Enterprise Enforcement Gateway for LLM-Driven Development

The Kaiza MCP Server is a high-assurance Model Context Protocol (MCP) implementation designed to act as a secure, non-negotiable bridge between Large Language Model (LLM) agents and filesystem operations. It forces all autonomous code generation to adhere to strict strict provenance, authorization, and quality standards.
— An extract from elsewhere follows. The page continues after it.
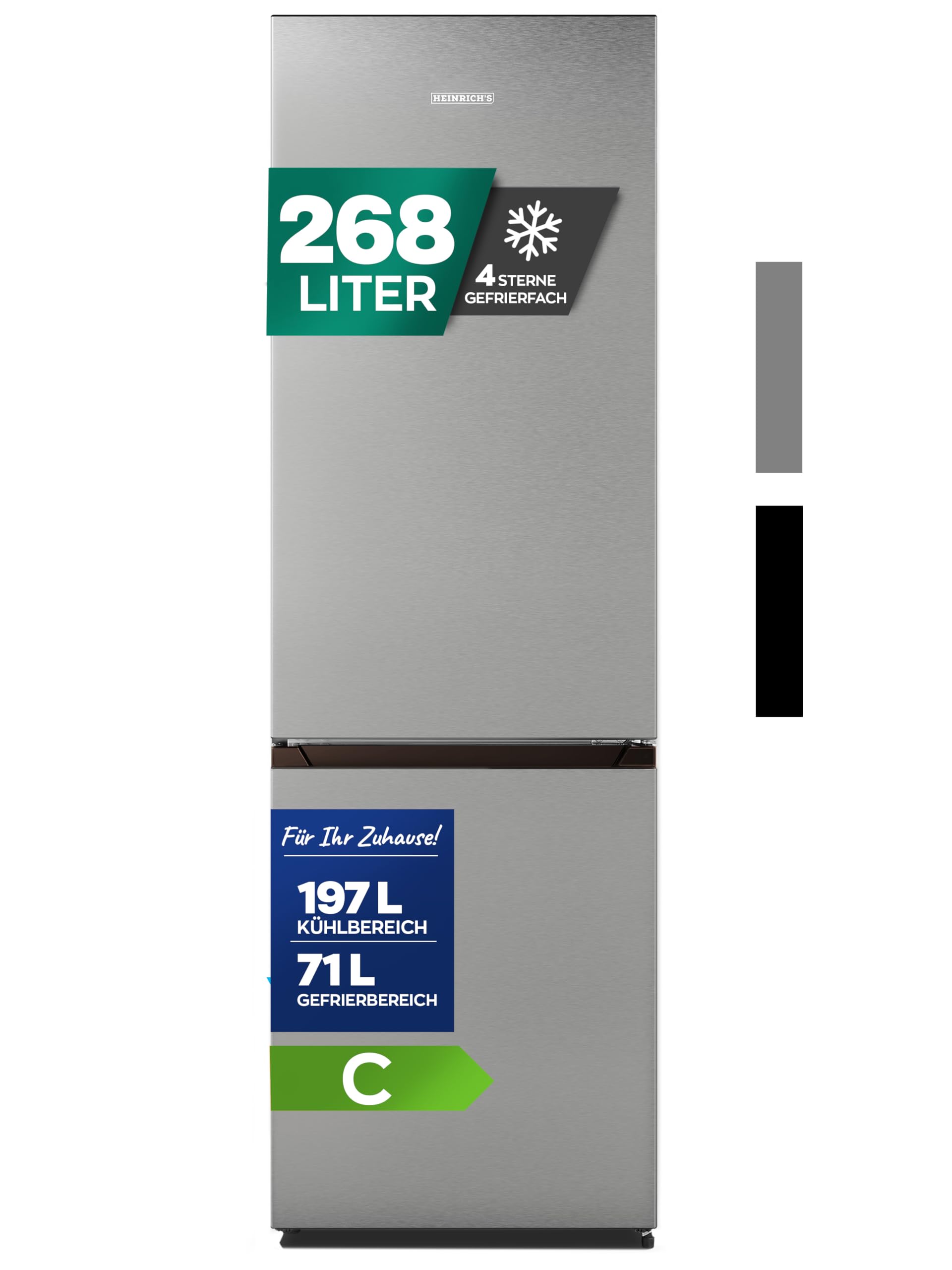 Heinrich´s Kühlgefrierkombination 268 Liter, Kühlvolumen 198L, Gefrierfach 71L,LED Beleuchtung,Kühlschrank Türanschlag wechselbar, leise 36dB,große Tiefkühlboxen, 7 Temperaturstufen, (edelstahl-inox)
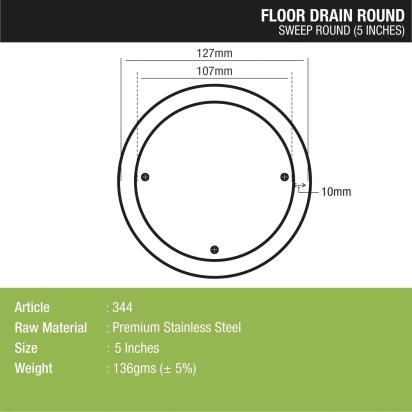 Sweep Out Round Floor Drain (5 inches) 1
Unlike standard MCP servers that provide passive tool access, Kaiza functions as an active Enforcement Authority. It does not merely execute commands; it validates the intent, authorization, and quality of every operation before execution.

Core Mandate

The system exists to solve the "Agent Alignment & Safety" problem in automated coding workflows. It ensures:

  1. No Unauthorized Writes: Every modification must be cryptographically linked to an approved "Implementation Plan".
  2. No Silent Corruption: All writes are hashed and appended to an immutable audit log.
  3. No Placeholder Code: A hard-blocking static analysis layer rejects any code containing stubs, mocks, TODOs, or non-production patterns.
  4. Global Plan Discovery: It acts as a universal reader for documentation and planning artifacts across repositories.

High-Level Architecture

The server operates as a standard stdio-based MCP process but injects a rigid strict middleware layer into the execution pipeline:

graph TD
    User[LLM Agent] -->|Request| Server[Kaiza MCP Server]
    Server -->|1. Normalize| Norm[Input Normalization]
    Norm -->|2. Validate Plan| Policy[Policy Engine]
    Policy -->|3. Check Scope| Scope[Scope Guard]
    Scope -->|4. Scan Quality| Static[Enterprise Stub Detector]
    Static -->|PASS| FS[Filesystem Write]
    Static -->|FAIL| Reject[Hard Block / Error]
    FS -->|Success| Audit[Audit Log (Hash Chain)]

Tooling Model

The server exposes a minimal, high-leverage toolset. Each tool is designed to be deterministic and secure.

1. write_file (Enforced)

Writes content to the filesystem.

  • Enforcement: Requires a valid plan ID.
  • Validation: Content is scanned for strict prohibition of TODO, FIXME, stubs, and mocks.
  • Audit: Operation is logged with a cryptographic hash of the content.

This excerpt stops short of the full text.